The host processor(s) 204 may communicate with the memory and/or storage circuitry 206, which may be a tangible, non-transitory, machine-readable-medium, such as random-access memory (RAM), read-only memory (ROM), one or more hard drives, flash memory, or any other suitable optical, magnetic or solid-state storage medium. The memory and/or storage circuitry 206 may hold data to be processed by the data processing system 200, such as processor-executable control software, configuration software, system parameters, configuration data, etc. The data processing system 200 may also include a network interface 208 that allows the data processing system 200 to communicate with other electronic devices. In some embodiments, the data processing system 200 may be part of a data center that processes a variety of different requests. For instance, the data processing system 200 may receive a data processing request via the network interface 208 to perform machine learning, video processing, voice recognition, image recognition, data compression, database search ranking, bioinformatics, network security pattern identification, spatial navigation, or some other specialized task. The data processing system 200 may further include the integrated circuit device 202 that performs implementation of data processing requests. For example, the integrated circuit device 202 may implement the learned parameter system 100 once the integrated circuit device 202 has been configured to operate as a neural network 102.
A designer may use a design workstation 250 to develop a design that may configure the integrated circuit device 202 in a manner that enables implementation, for example, of the learned parameter system 100 as shown in FIG. 3, in accordance with an embodiment of the present disclosure. In some embodiments, the designer may use design software 252 (e.g., Intel® Quartus® by INTEL CORPORATION) to generate a design that may be used to program (e.g., configure) the integrated circuit device 202. For example, a designer may program the integrated circuit device 202 to implement a specific functionality, such as implementing a trained Deep Neural Network (DNN). The integrated circuit device 202 may be a programmable integrated circuit, such as a field-programmable gate array (FPGA) that includes a programmable logic fabric of programmable logic units.
As such, the design software 252 may use a compiler 254 to generate a low-level circuit-design configuration for the integrated circuit device 202. That is, the compiler 254 may provide machine-readable instructions representative of the designer-specified functionality to the integrated circuit device 202, for example, in the form of a configuration bitstream 256. The configuration bitstream may be transmitted via direct memory access (DMA) communication or peripheral component interconnect express (PCIe) communications 306. The host processor(s) 204 may coordinate the loading of the bitstream 256 onto the integrated circuit device 202 and subsequent programming of the programmable logic fabric. For example, the host processor(s) 204 may permit the loading of the bitstream corresponding to a Deep Neural Network topology onto the integrated circuit device 202.
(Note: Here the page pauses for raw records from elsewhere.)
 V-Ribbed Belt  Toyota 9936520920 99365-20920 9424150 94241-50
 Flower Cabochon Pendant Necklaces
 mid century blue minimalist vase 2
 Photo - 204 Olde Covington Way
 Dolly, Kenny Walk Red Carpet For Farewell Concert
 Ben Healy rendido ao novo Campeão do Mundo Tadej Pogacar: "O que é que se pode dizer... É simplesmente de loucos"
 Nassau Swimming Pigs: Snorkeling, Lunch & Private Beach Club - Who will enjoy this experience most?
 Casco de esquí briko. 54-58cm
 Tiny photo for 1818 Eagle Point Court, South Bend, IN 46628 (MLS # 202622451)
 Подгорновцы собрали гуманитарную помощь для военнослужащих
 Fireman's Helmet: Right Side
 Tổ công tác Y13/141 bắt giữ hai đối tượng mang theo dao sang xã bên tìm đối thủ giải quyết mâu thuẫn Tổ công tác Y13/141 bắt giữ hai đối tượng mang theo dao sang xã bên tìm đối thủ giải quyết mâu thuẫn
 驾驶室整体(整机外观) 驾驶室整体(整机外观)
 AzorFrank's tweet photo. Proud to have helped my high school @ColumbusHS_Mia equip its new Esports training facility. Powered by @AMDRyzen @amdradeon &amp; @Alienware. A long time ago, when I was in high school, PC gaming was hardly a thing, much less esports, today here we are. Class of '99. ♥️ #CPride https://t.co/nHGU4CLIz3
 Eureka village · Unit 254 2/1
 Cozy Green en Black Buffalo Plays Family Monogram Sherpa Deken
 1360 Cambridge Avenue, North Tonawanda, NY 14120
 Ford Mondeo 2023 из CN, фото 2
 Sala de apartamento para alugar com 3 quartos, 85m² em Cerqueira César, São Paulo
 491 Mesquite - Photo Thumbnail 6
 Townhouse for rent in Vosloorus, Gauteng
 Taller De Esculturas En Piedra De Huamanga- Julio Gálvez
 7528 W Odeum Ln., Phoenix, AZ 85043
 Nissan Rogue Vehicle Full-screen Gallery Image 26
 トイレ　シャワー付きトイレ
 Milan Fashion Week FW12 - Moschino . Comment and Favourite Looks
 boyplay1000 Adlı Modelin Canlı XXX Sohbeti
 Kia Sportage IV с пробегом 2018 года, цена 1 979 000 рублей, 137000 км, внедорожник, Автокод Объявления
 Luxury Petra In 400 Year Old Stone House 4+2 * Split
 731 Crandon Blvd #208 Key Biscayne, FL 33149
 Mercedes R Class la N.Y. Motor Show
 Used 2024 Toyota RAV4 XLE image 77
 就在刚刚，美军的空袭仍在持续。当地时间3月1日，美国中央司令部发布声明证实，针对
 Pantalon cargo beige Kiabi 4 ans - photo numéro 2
FIG. 4 further illustrates components of the data processing system 200 used to implement the learned parameter system 100, in accordance with an embodiment of the present disclosure. As shown, the learned parameter system 100 may be a Deep Neural Network implemented on a programmable integrated circuit, such as an FPGA 202A. In some embodiments, the FPGA 202A may be an FPGA-based hardware accelerator that performs certain functions (e.g., implementing the learned parameter system 100) more efficiently than possible by a host processor 204. As such, to implement the trained Deep Neural Network, the FPGA 202A may be configured according to a Deep Neural Network topology, as mentioned above.
The FPGA 202A may be coupled to a host processor 204 (e.g., host central processing unit (CPU) 204A) that communicates with the network interface 208 (e.g., network file server 208A). The network file server 208A may receive parameters 308 from a tool chain 310 that uses framework to train the learned parameter system 100 for one or more tasks. For example, OpenVINO® by INTEL CORPORATION may use TensorFlow® and/or Caffee® frameworks to train the predictive model of the learned parameter system 100 and to generate parameters 308 for the trained system 100. The network file server 208A may store the parameters 308 for a period of time and transfer the parameters 308 to the host CPU 204A, for example, before or after configuration of the FPGA 202A with the Deep Neural Network topology.
The host CPU 204A may store the parameters 308 in memory associated with the host CPU 204A, such as host double data rate (DDR) memory 206A. The host DDR memory 206A may subsequently transfer the parameters 308 to memory associated with the FPGA 202A, such as FPGA DDR memory 206B. The FPGA DDR memory 206B may be separate from, but communicatively coupled to the FPGA 202A using a DDR communication module 314 that facilitates communication between the FPGA DDR memory 206B and the FPGA 202A according to, for example, the PCIe bus standard. Upon receiving an indication from the host CPU 204A, the parameters 308 may be transferred from the FPGA DDR memory 206B to the FPGA 202A using the DDR communication module 314. In some embodiments, the parameters 308 may be transferred directly from the host CPU 204A to the FPGA 202 A using PCIe 306, with or without temporary storage in the host DDR 206A and/or FPGA DDR 206B.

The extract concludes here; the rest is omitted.